Number of distinct grids formed Let $n$ be a positive integer and let $\mathcal{G}_n$ be an $n\times n $ grid with the number $1$ written in each of its squares. In each step we multiply all entries of a row or column is multiplied by $-1$. Determine the number of distinct grids that can be formed after doing finite number of steps on $\mathcal{G}_n$. 
For $n=2$, I have got $8$ choices. Am I correct in it? In general I have no idea. Please help.
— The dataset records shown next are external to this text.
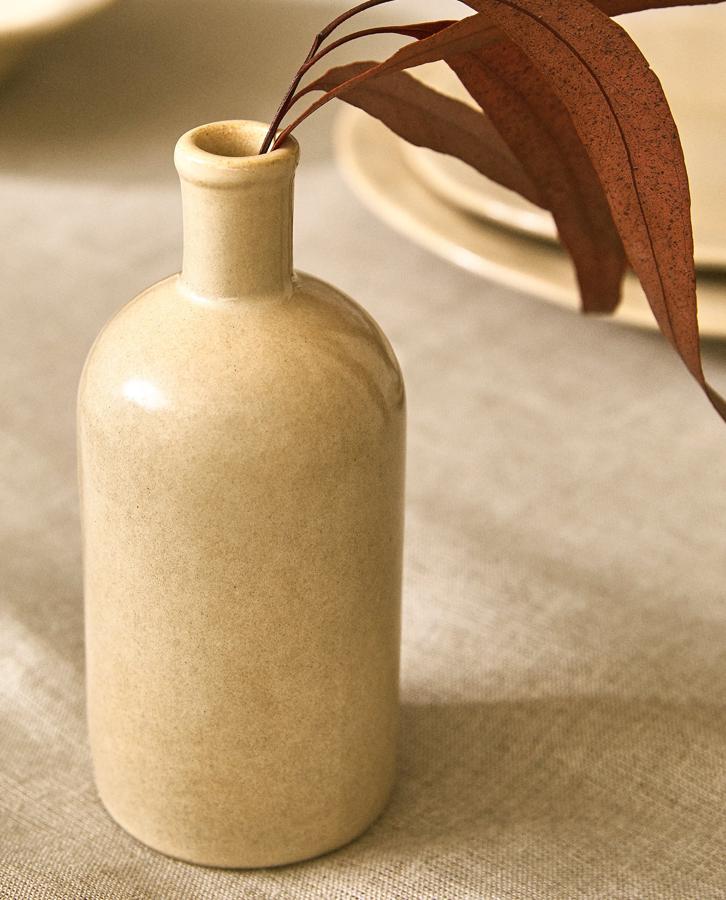 Con forma de botella, este jarrón de gres en color beige puede contener agua y tiene un precio de 12,99 euros.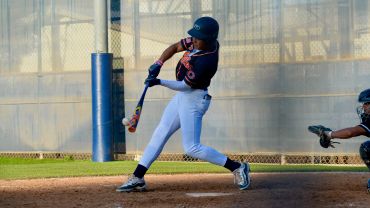 Baseball player hitting a pitched ball during a game.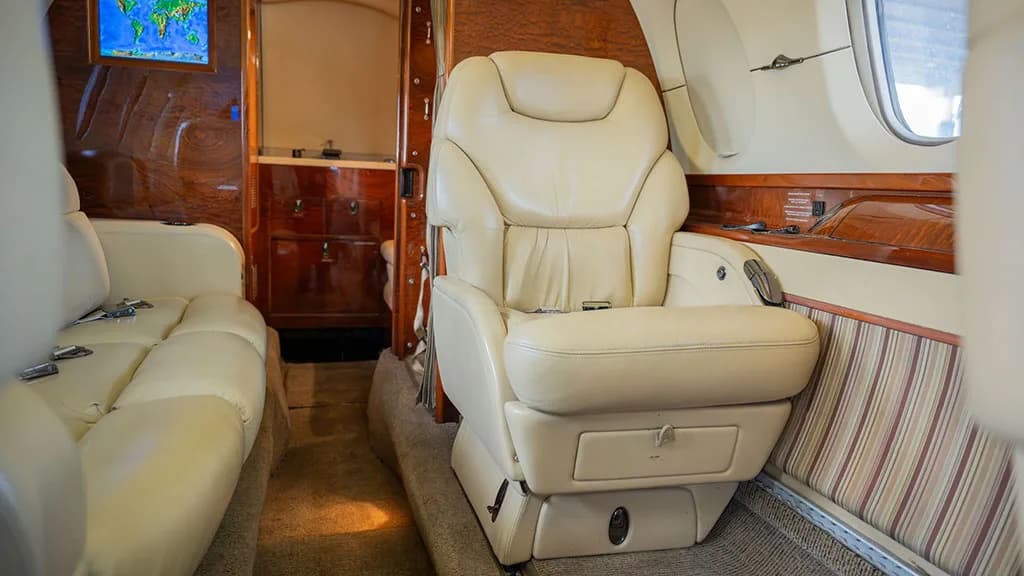 A cream leather single seat in the private jet cabin, with wood paneling and a world map display in the background.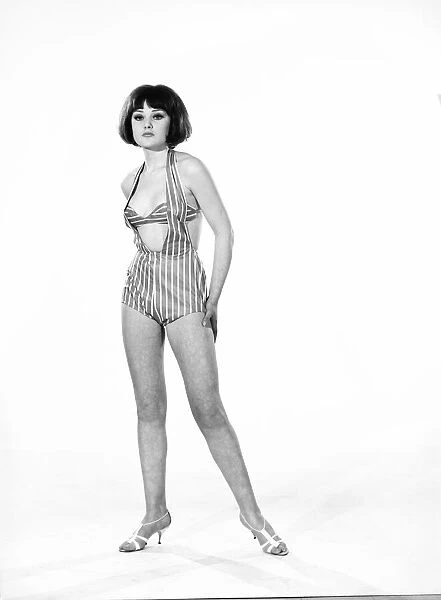 Model, Debbie Attwood, poses in the latest beachwear fashion, Studio Pix, 1963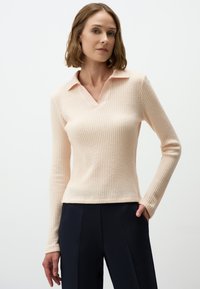 Perzikkleurige gebreide pullover met lange mouwen en een V-hals, voorzien van een contrasterende kraag. De geweven stof heeft een geruit patroon en wordt gecombineerd met donkere broeken.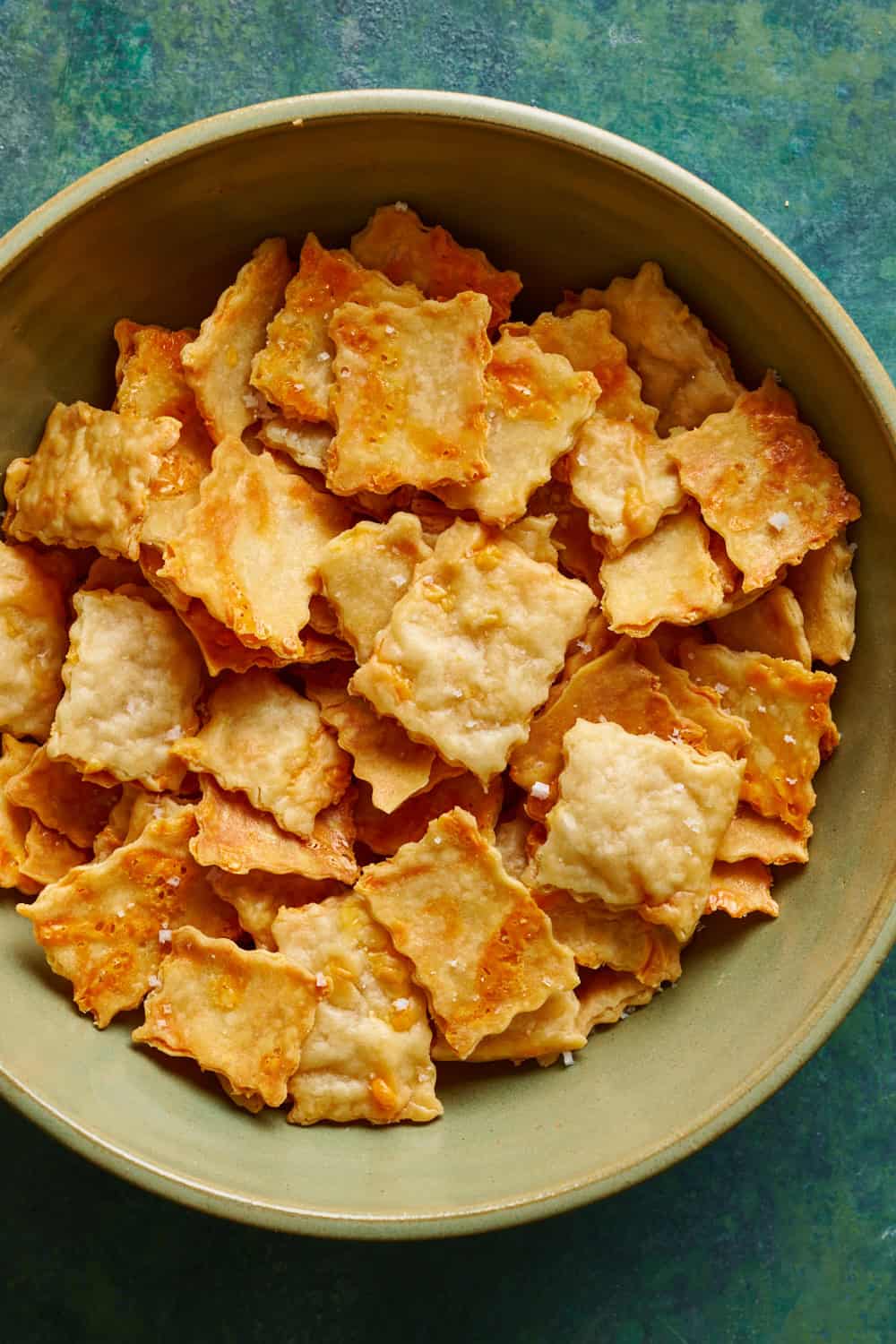 overhead view of a bowl of golden sourdough discard crackers on a green background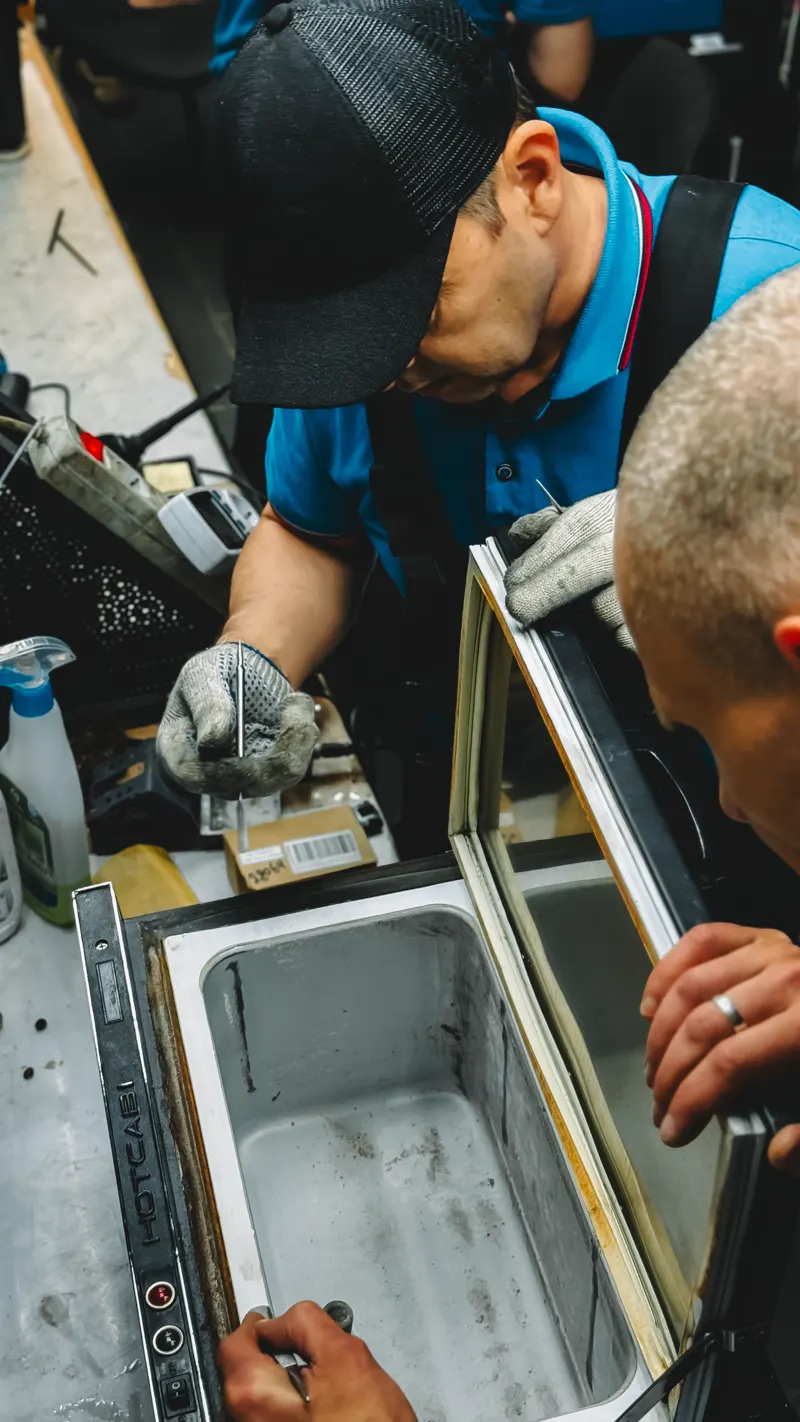 Dois técnicos trabalhando no reparo de um freezer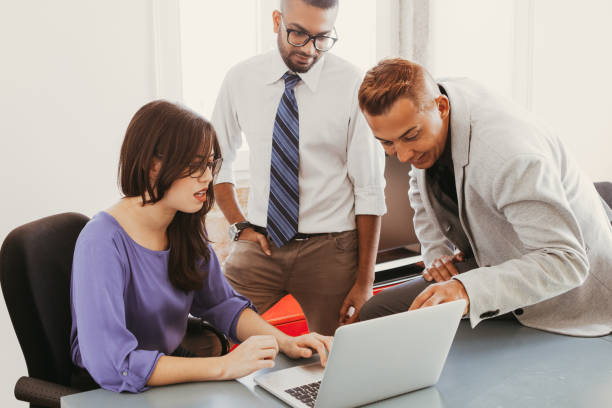 istock Young employees arguing about strategy at meeting 923590166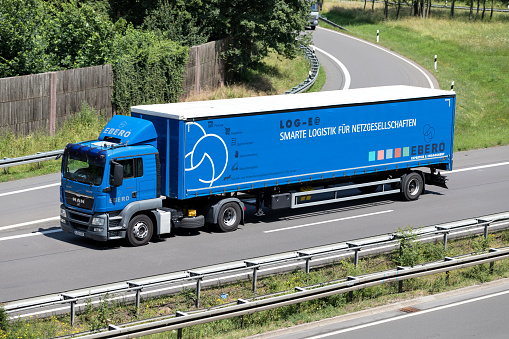 Wiehl, Germany - June 24, 2019: EBERO MAN TGS truck with curtainside trailer on motorway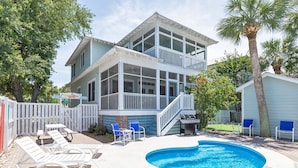 A two-story house with a swimming pool, outdoor seating, and a fenced yard. - Three Sisters | Home with Pool, Patio, Two Porches (Tybee Island)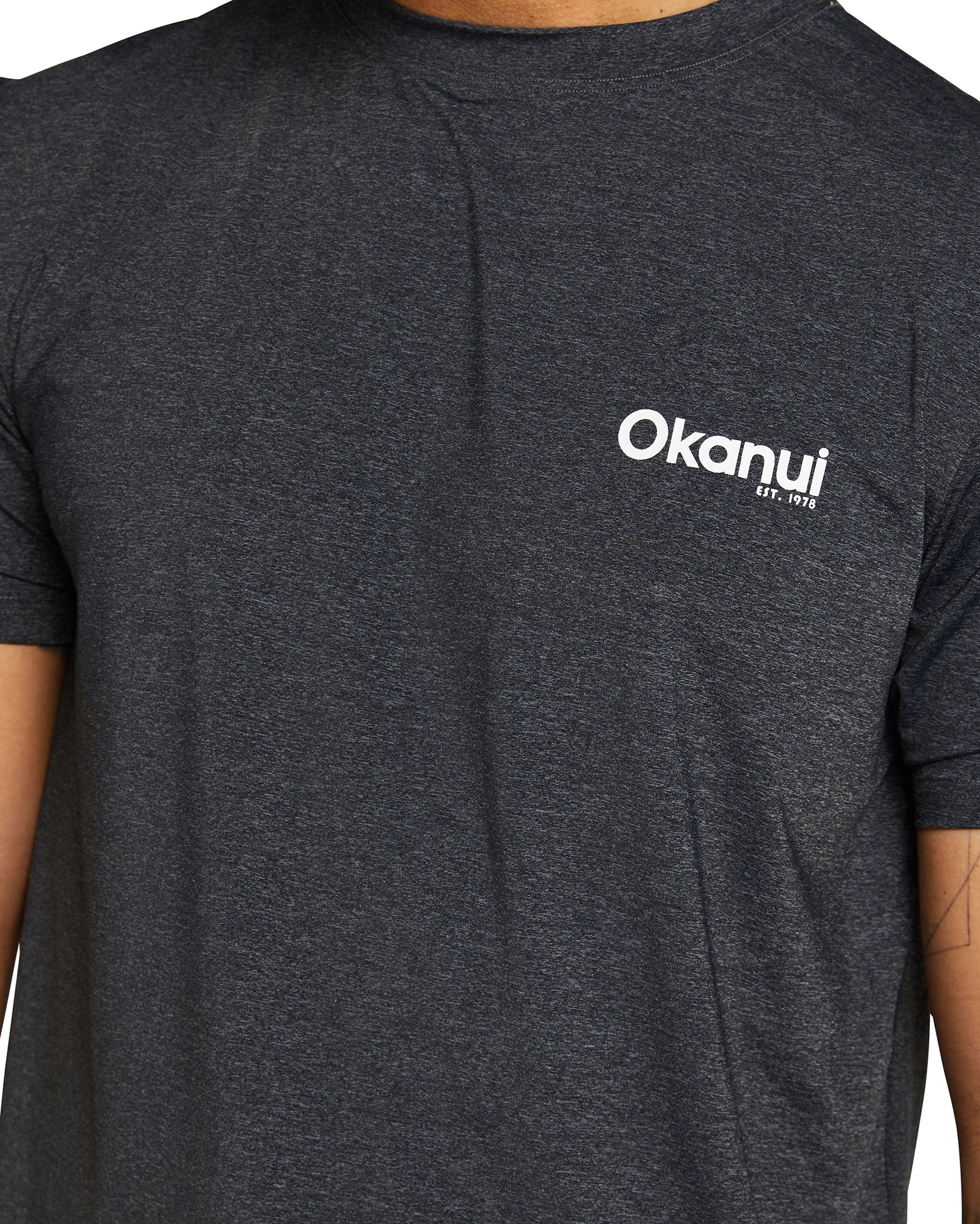 Closer details for Okanui Men's spring short sleeve rashie in color black. 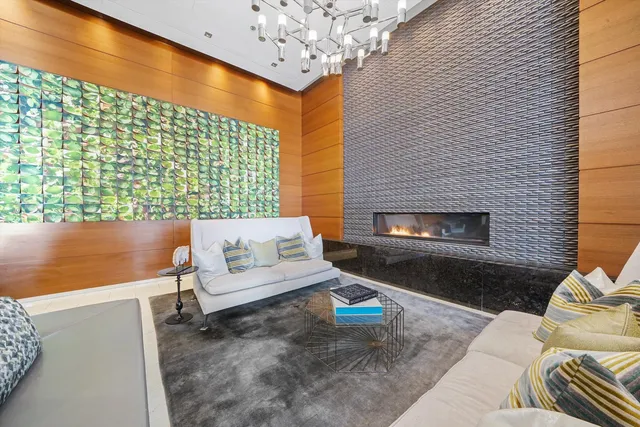 a view of a dining room with furniture wooden floor and chandelier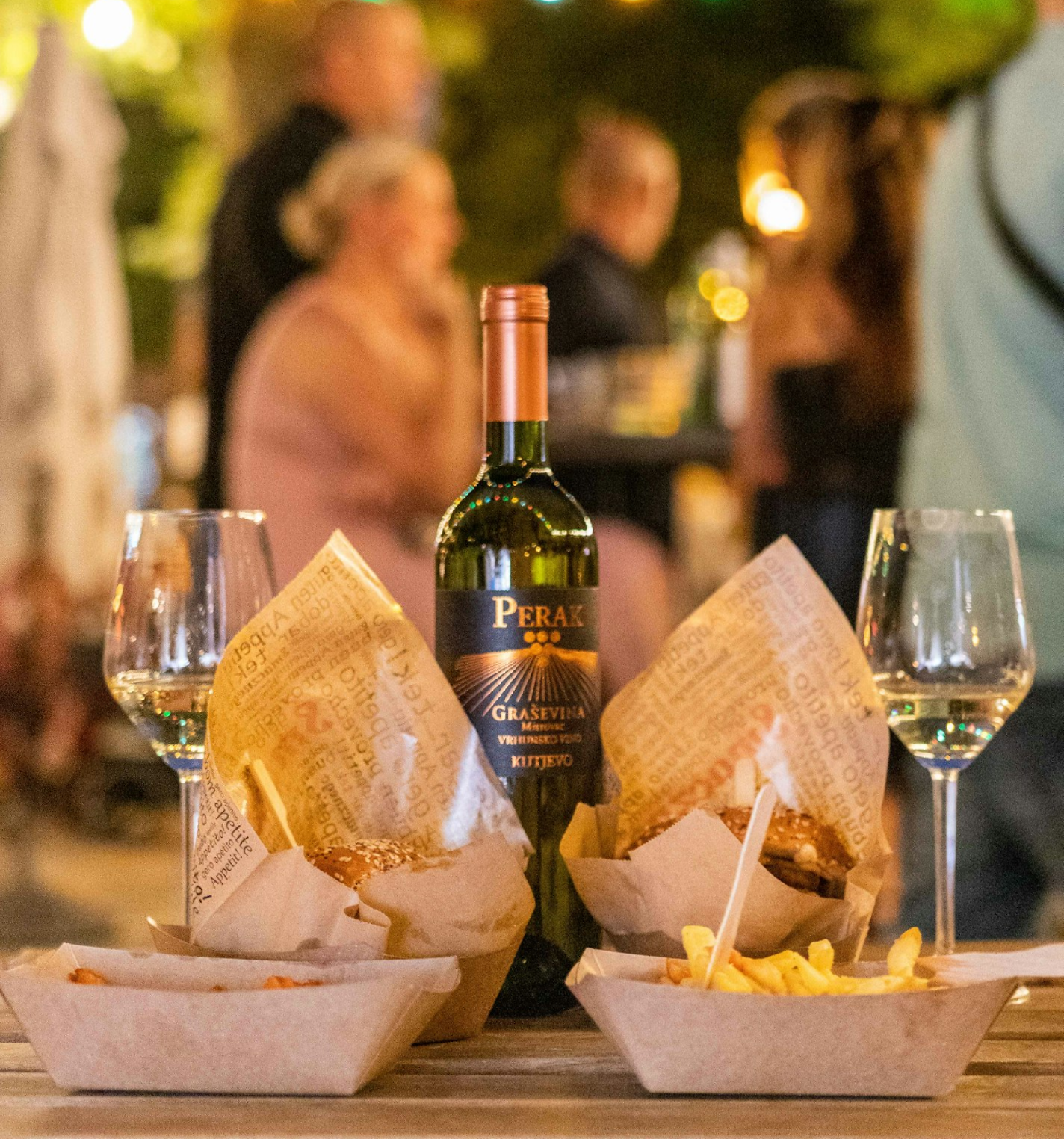 Vibrant can of Pebbles Bubbles surrounded by assorted fruits and colorful spheres against a dark background. Vibrant can of Pebbles Bubbles surrounded by assorted fruits and colorful spheres against a dark background.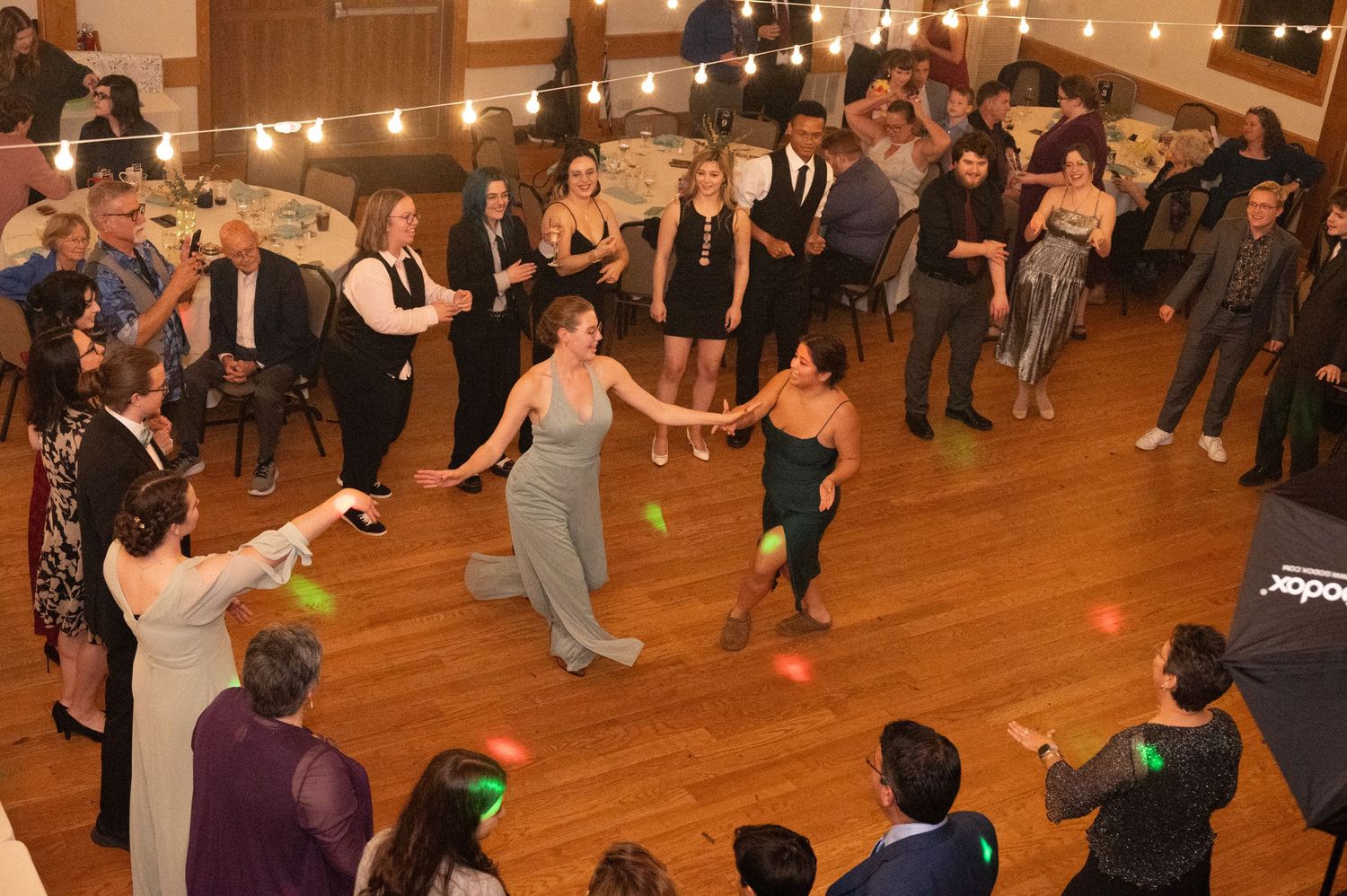 People dancing together in a large wooden-floored room with string lights overhead during a social dance event.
 A: Hint: If we think of the $n\times n$ grid as an $n\times n$ matrix with all entries equal to $1$, then we can view a step of scaling a row (resp. column) by multiplying on the left (resp. right) by a diagonal $n\times n$ matrix with exactly one $-1$ on the diagonal (and all other diagonal entries equal to $1$).
$2\times 2$ solution:
Following the hint, we can view $\mathcal{G}_2=\begin{bmatrix}1&1\\1&1\end{bmatrix}$ represent our grid. Then the grid $G$ where we scale, say, the first row by $-1$ can be represented as follows:
$$G=\begin{bmatrix}-1&-1\\1&1\end{bmatrix}=\begin{bmatrix}-1&0\\0&1\end{bmatrix}\mathcal{G}_2.$$
Similarly, if we then scaled the 2nd row of $G$ to get a new grid $H$, we would have
$$H=\begin{bmatrix}1&0\\0&-1\end{bmatrix}G=\begin{bmatrix}-1&0\\0&-1\end{bmatrix}\mathcal{G_2}.$$ In this way, we see any sequence of steps of scaling rows by $-1$ gives a matrix of the form $X\mathcal{G}_2$, where $X$ is of the form $$\tag{$\star$}\begin{bmatrix}\pm1&0\\0&\pm1\end{bmatrix}.$$ Likewise, scaling columns yields a matrix of the form $\mathcal G_2X$. By associativity of matrix multiplication, it doesn't matter the order of scaling rows or columns, so in general any sequence of steps yields a matrix of the form $X\mathcal G_2 Y$, where $X$ and $Y$ are of the form ($\star$). So we see there are at most $2^2*2^2$ possible grids (not illuminating in this case, but it is a reduction for $n>2$).
However, it may be the case that we can have $X_1,X_2,Y_1,Y_2$ such that $X_1\mathcal{G}_2Y_1=X_2\mathcal{G}_2Y_2$. Multiplying by inverses, this is equivalent to $X_1X_2\mathcal G_2 Y_2Y_1=\mathcal{G}_2$. So the question reduces to when $X\mathcal G_2 Y=\mathcal G_2$.
Well, let $X=\begin{bmatrix}a&0\\0&b\end{bmatrix}$ and $Y=\begin{bmatrix}c&0\\0&d\end{bmatrix}$ satisfy $X\mathcal G_2 Y=\mathcal G_2$. Then $$\mathcal G_2=X\mathcal G_2 Y=\begin{bmatrix}ac&ad\\bc&bd\end{bmatrix},$$
so $ac=ad=bc=bd=1$.  Since $a,b,c,d=\pm 1$, we must have $a=b=c=d=1$ or $a=b=c=d=-1$.
Therefore, we see that all grids are of the form $X\mathcal G_2Y$, and $(-X)\mathcal G_2(-Y)=X\mathcal G_2 Y$. Therefore, we see that there are $\frac{2^2*2^2}{2}=8$ possible grids.